3.2.7. Common tasks¶

This page is kind of long. (It’s got a lot of useful info!) Use the page’s table of contents to the right to jump to what you’re looking for.

3.2.7.1. Reshaping data¶

In the shape of data page, I explained the concept of wide vs. tall data with this example:

import pandas as pd

df = (pd.Series({   ('Ford',2000):10,
                   ('Ford',2001):12,
                   ('Ford',2002):14,
                   ('Ford',2003):16,
                   ('GM',2000):11,
                   ('GM',2001):13,
                   ('GM',2002):13,
                   ('GM',2003):15})
      .to_frame()
      .rename(columns={0:'Sales'})
      .rename_axis(['Firm','Year'])
      .reset_index()
     )
print("Tall:")
display(df)

Tall:

	Firm	Year	Sales
0	Ford	2000	10
1	Ford	2001	12
2	Ford	2002	14
3	Ford	2003	16
4	GM	2000	11
5	GM	2001	13
6	GM	2002	13
7	GM	2003	15

Note

To reshape dataframes, you have to work with index and column names.

So before we use stack and unstack here, put the firm and year into the index.

tall = df.set_index(['Firm','Year'])

3.2.7.1.1. To convert a tall dataframe to wide: `df.unstack()`.¶

If your index has multiple levels, the level parameter is used to pick which to unstack. “0” is the innermost level of the index.

print("\n\nUnstack (make it shorter+wider) on level 0/Firm:\n") 
display(tall.unstack(level=0))
print("\n\nUnstack (make it shorter+wider) on level 1/Year:\n") 
display(tall.unstack(level=1))

Unstack (make it shorter+wider) on level 0/Firm:

	Sales
Firm	Ford	GM
Year
2000	10	11
2001	12	13
2002	14	13
2003	16	15

Unstack (make it shorter+wider) on level 1/Year:

	Sales
Year	2000	2001	2002	2003
Firm
Ford	10	12	14	16
GM	11	13	13	15

3.2.7.1.2. To convert a wide dataframe to tall/long: `df.stack()`.¶

Tip

Pay attention after reshaping to the order of your index variables and how they are sorted.

# save the wide df above to this name for subseq examples
wide_year = tall.unstack(level=0) 

print("\n\nStack it back (make it tall): wide_year.stack()\n") 
display(wide_year.stack())
print("\n\nYear-then-firm doesn't make much sense.\nReorder to firm-year: wide_year.stack().swaplevel()") 
display(wide_year.stack().swaplevel())
print("\n\nYear-then-firm sorting make much sense.\nSort to firm-year: wide_year.stack().swaplevel().sort_index()") 
display(wide_year.stack().swaplevel().sort_index())

Stack it back (make it tall): wide_year.stack()

		Sales
Year	Firm
2000	Ford	10
2000	GM	11
2001	Ford	12
2001	GM	13
2002	Ford	14
2002	GM	13
2003	Ford	16
2003	GM	15

Year-then-firm doesn't make much sense.
Reorder to firm-year: wide_year.stack().swaplevel()

		Sales
Firm	Year
Ford	2000	10
GM	2000	11
Ford	2001	12
GM	2001	13
Ford	2002	14
GM	2002	13
Ford	2003	16
GM	2003	15

Year-then-firm sorting make much sense.
Sort to firm-year: wide_year.stack().swaplevel().sort_index()

		Sales
Firm	Year
Ford	2000	10
	2001	12
	2002	14
	2003	16
GM	2000	11
	2001	13
	2002	13
	2003	15

Beautiful!

3.2.7.2. Lambda (in `assign` or after `groupby`)¶

You will see this inside pandas chains a lot: lambda x: someFunc(x), e.g.:

.assign(lev = lambda x: (x['dltt']+x['dlc'])/x['at'] )
.groupby('industry').assign(avglev = lambda x: x['lev'].mean() )

What is that “lambda” and why is it there?
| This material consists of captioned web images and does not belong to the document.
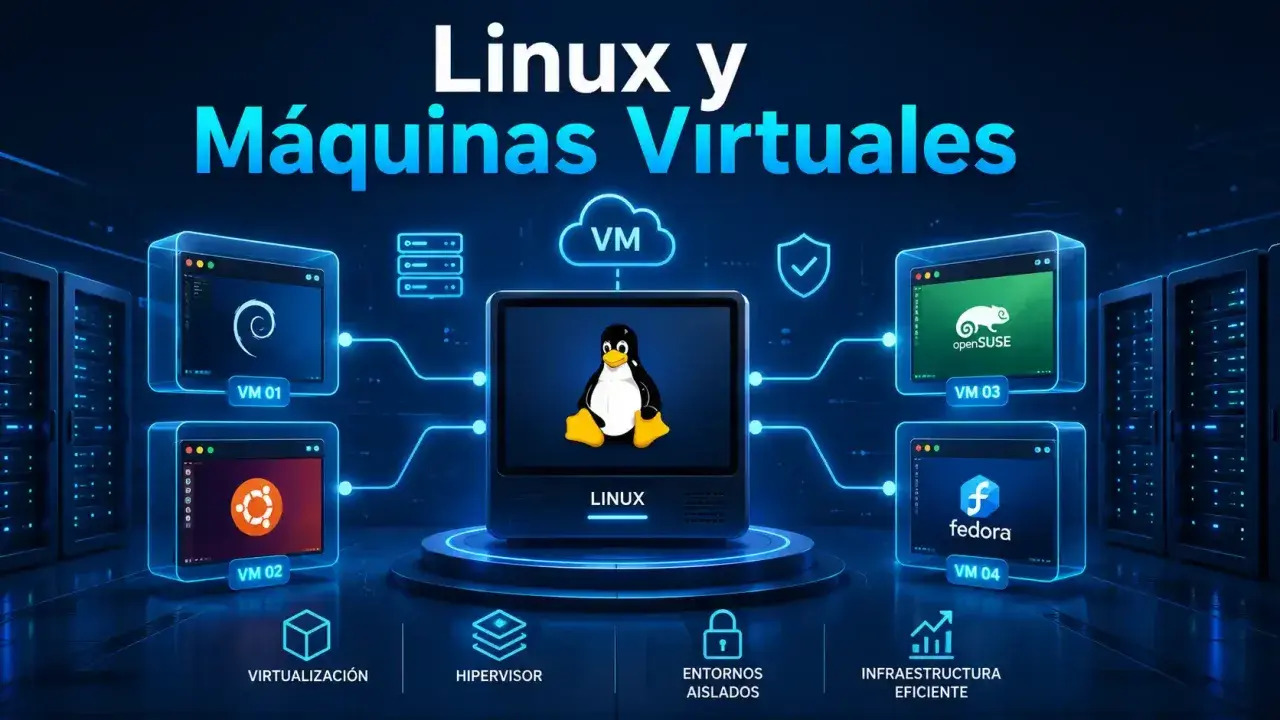Ilustración de Linux y máquinas virtuales, mostrando distribuciones como Debian, Ubuntu, openSUSE y Fedora.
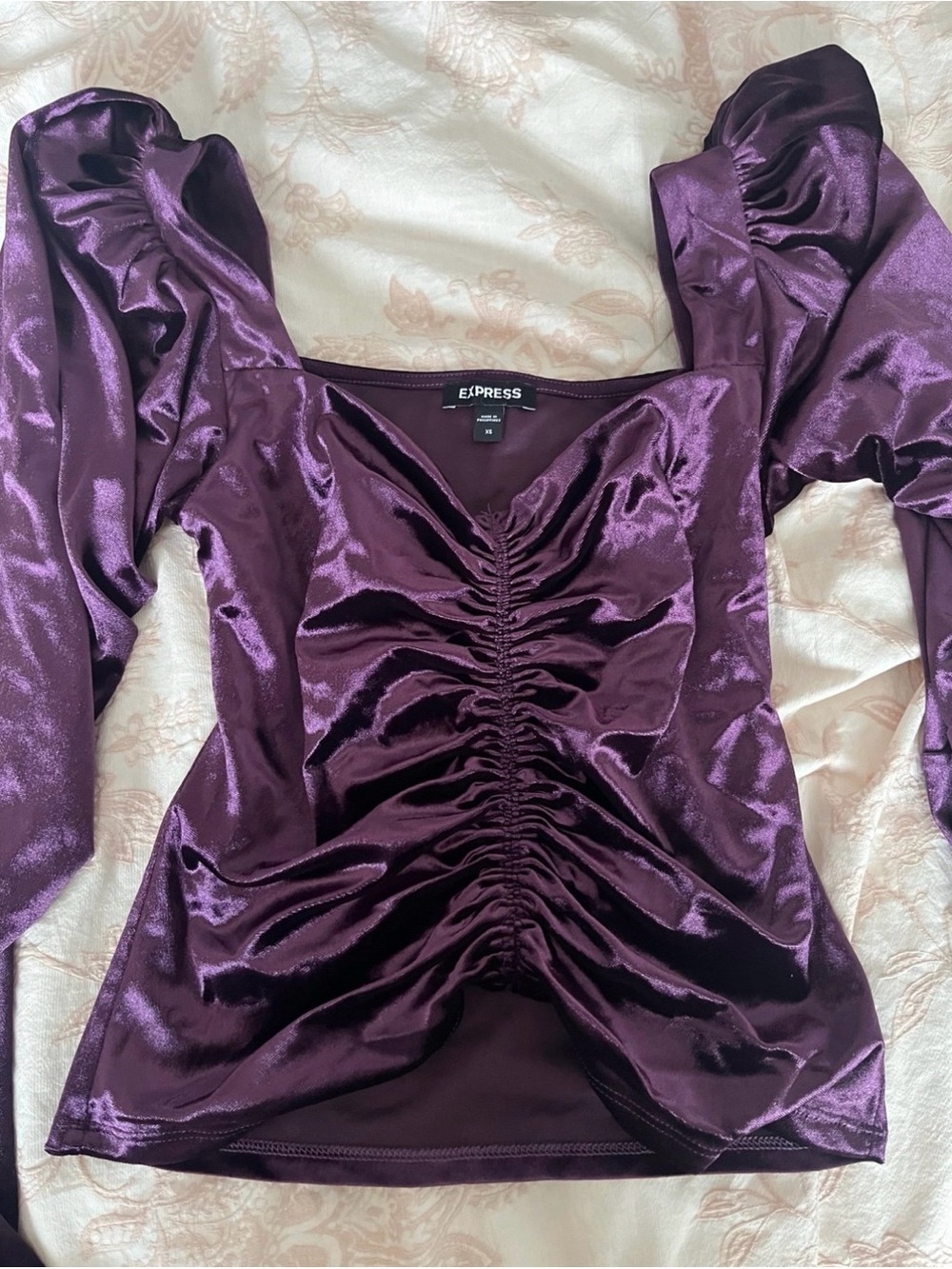 Express Ruched Satin Square-Neck Top in Plum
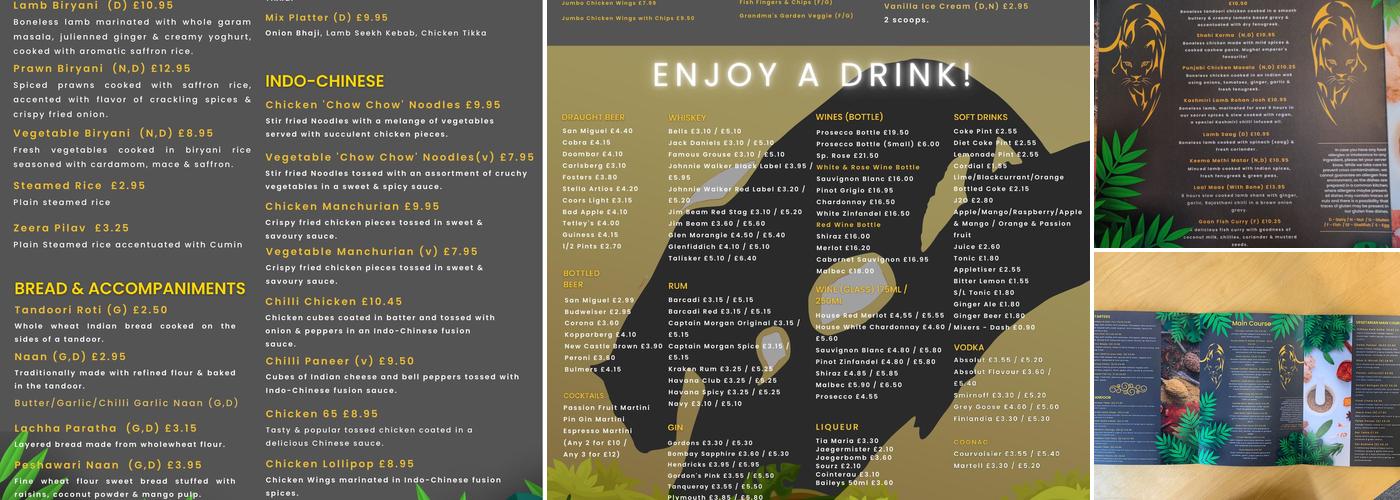 Bagheera Indian Restaurant & Bar (at The Spread Eagle) Menu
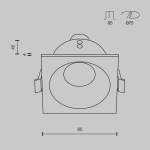 Встраиваемый светильник Зум / Zoom 1*GU10 10 Вт IP44, DL033-2-01W-1(N). TM Maytoni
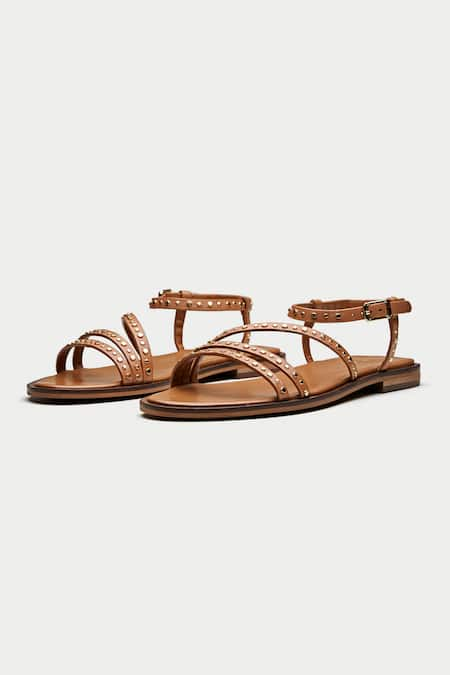 OROH Brown Oristano Stud Embellished Sandals 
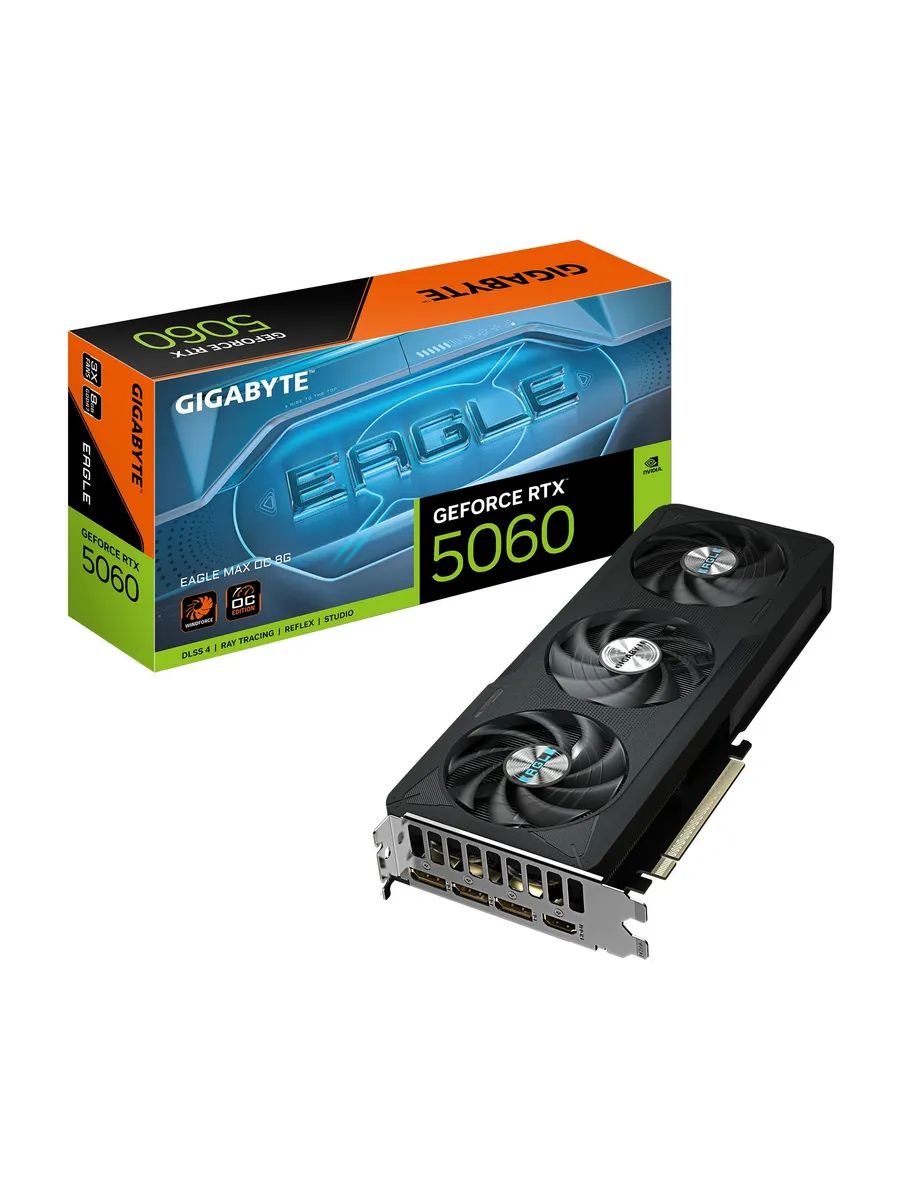 Gigabyte Видеокарта GeForce RTX 5060 GV-N5060EAGLEMAXOC-8GD 8 ГБ (GV-N5060EAGLEMAX OC-8GD)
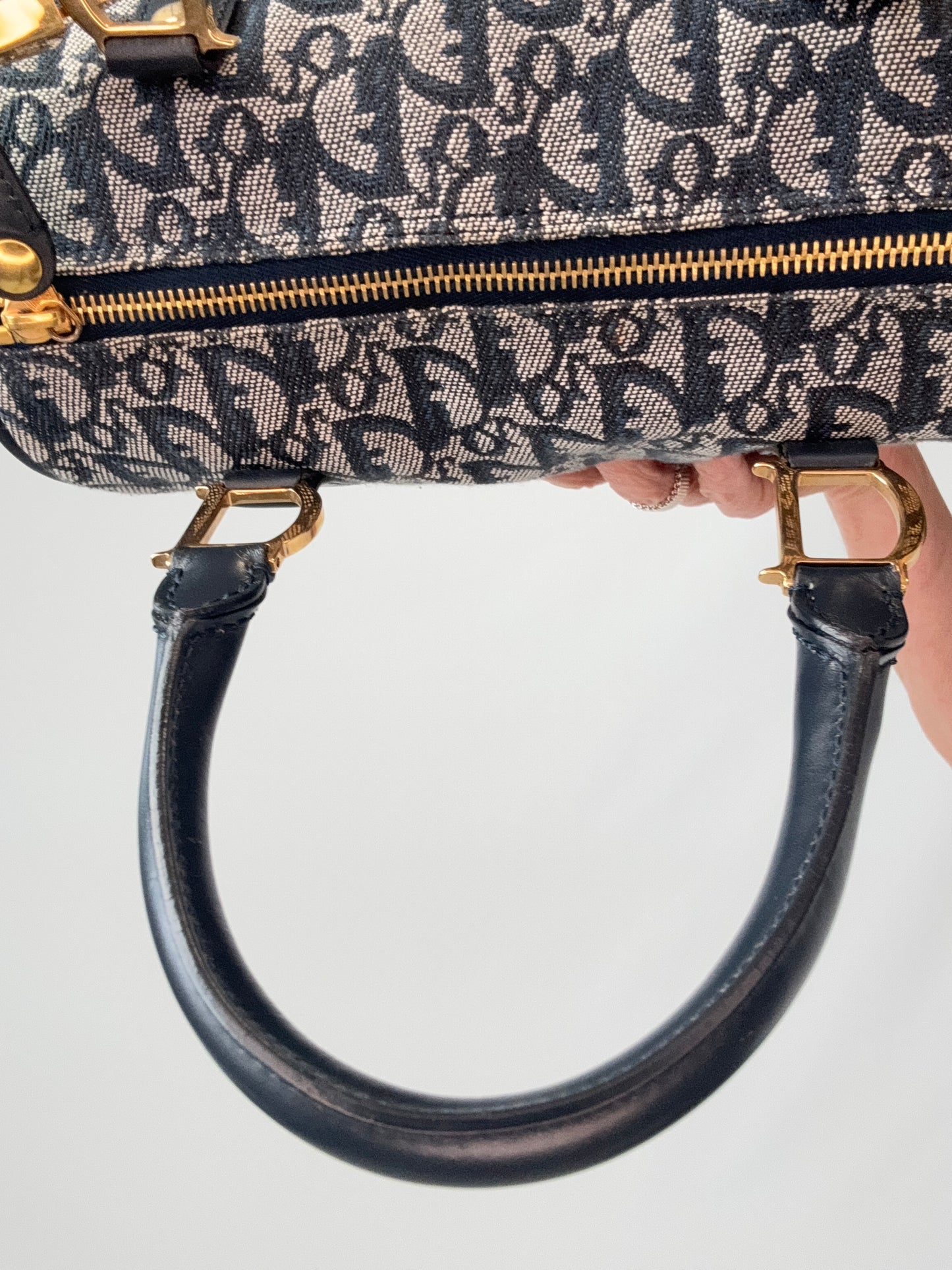 Dior Oblique Monogram Boston Bag in Navy Blue interior of back top handle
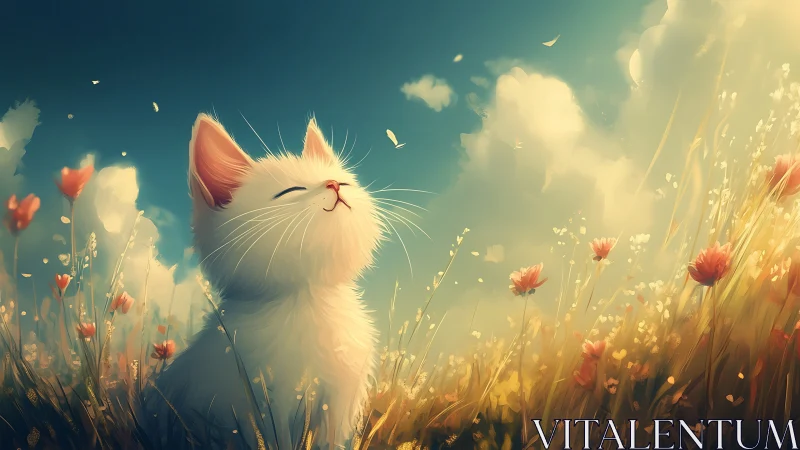 White Cat Blissful in Golden Wildflower Meadow.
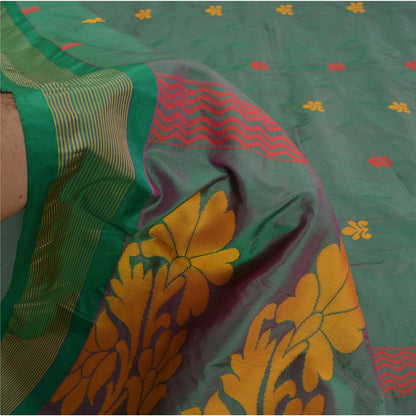 Sanskriti Vintage Tant Jacquard Woven Art Silk Saree Green Sari 5Yd Craft Fabric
Well, when you get to the “assign” step, what you would do to reference a variable is type the dataframe name and the variable name.

But often, the dataframe object doesn’t exist in memory yet and so it has no name.

In the example above, [df].groupby('industry').assign(avglev = lambda x: x['lev'].mean() ), pandas splits the dataframe into groups, within each group applies a function (here: the mean), and then returns a new dataframe with one observation for each group (the average leverage for the industry). Visually, this split-apply-combine1 process looks like this:

So, the .assign() portion is working on these tiny pieces of the dataframe. Those pieces are dataframe objects that don’t have names!

So how do you refer to an unnamed dataframe object?

Answer: Lambda functions. When you type <some df object>.assign(newVar = lambda x: someFunc(x)), x is the object (“some df object”) that assign is working on. Ta da!

# common syntax within pandas
.assign(<newvarname> = lambda <tempnameforpriorobj>:  <do stuff to tempnameforpriorobj>   )       

# often, tempname is just "x" for short
.assign(<newvarname> = lambda x: <someFunc(x)> )       

Note

It turns out that lambda functions are very useful in python programming, and not just within pandas. But pandas is where we will use them most in this class.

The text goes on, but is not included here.